INPUT DATA –
Segment Open

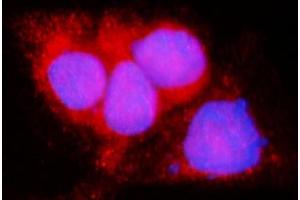 IF analysis of LACTB using anti-LACTB antibody (ABIN7600047). (LACTB antibody  (AA 141-543))
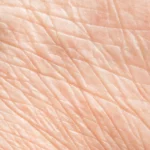 how to improve skin texture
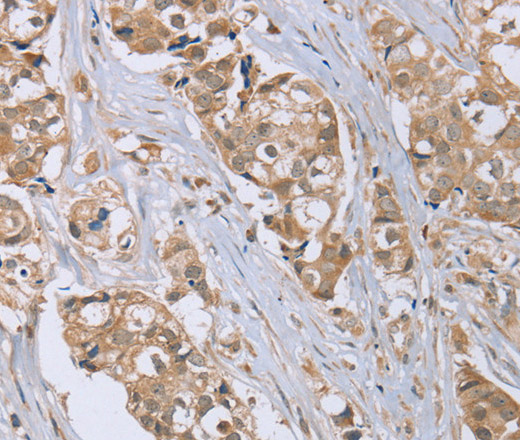 Immunohistochemistry of paraffin-embedded Human breast cancer tissue using RAB6C Polyclonal Antibody at dilution 1:45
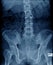 Old man x-ray, lumbar x-ray image with pelvic bone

Segment Closed

WHAT THE TASK REQUIRES – Make an exact copy of the listing above. Its pictures are not needed.

REPLY –
 IF analysis of LACTB using anti-LACTB antibody (ABIN7600047). (LACTB antibody  (AA 141-543))
 how to improve skin texture
 Immunohistochemistry of paraffin-embedded Human breast cancer tissue using RAB6C Polyclonal Antibody at dilution 1:45
 Old man x-ray, lumbar x-ray image with pelvic bone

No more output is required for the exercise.